Start of SUPPLIED ENTRIES
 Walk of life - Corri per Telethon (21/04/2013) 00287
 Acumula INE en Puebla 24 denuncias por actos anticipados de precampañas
End of SUPPLIED ENTRIES
Start of SUPPLIED ENTRIES
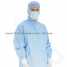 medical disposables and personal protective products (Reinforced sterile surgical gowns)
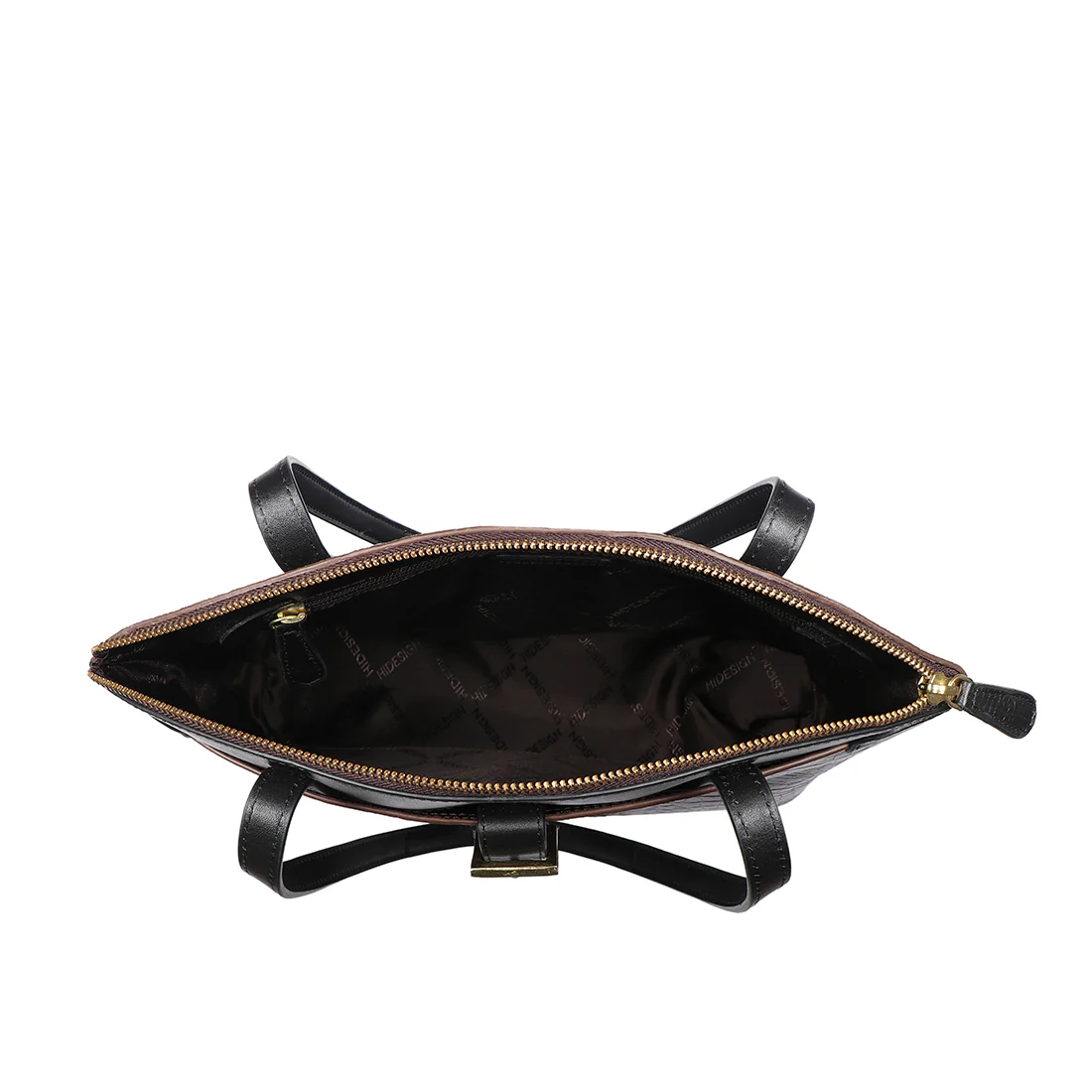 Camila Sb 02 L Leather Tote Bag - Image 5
End of SUPPLIED ENTRIES
Return only the stretch above from the line containing "medical disposables and" through the line containing "Camila Sb 02 L Leather Tote Bag - Image 5", word for word and without pictures.

ANSWER SPACE:
 medical disposables and personal protective products (Reinforced sterile surgical gowns)
 Camila Sb 02 L Leather Tote Bag - Image 5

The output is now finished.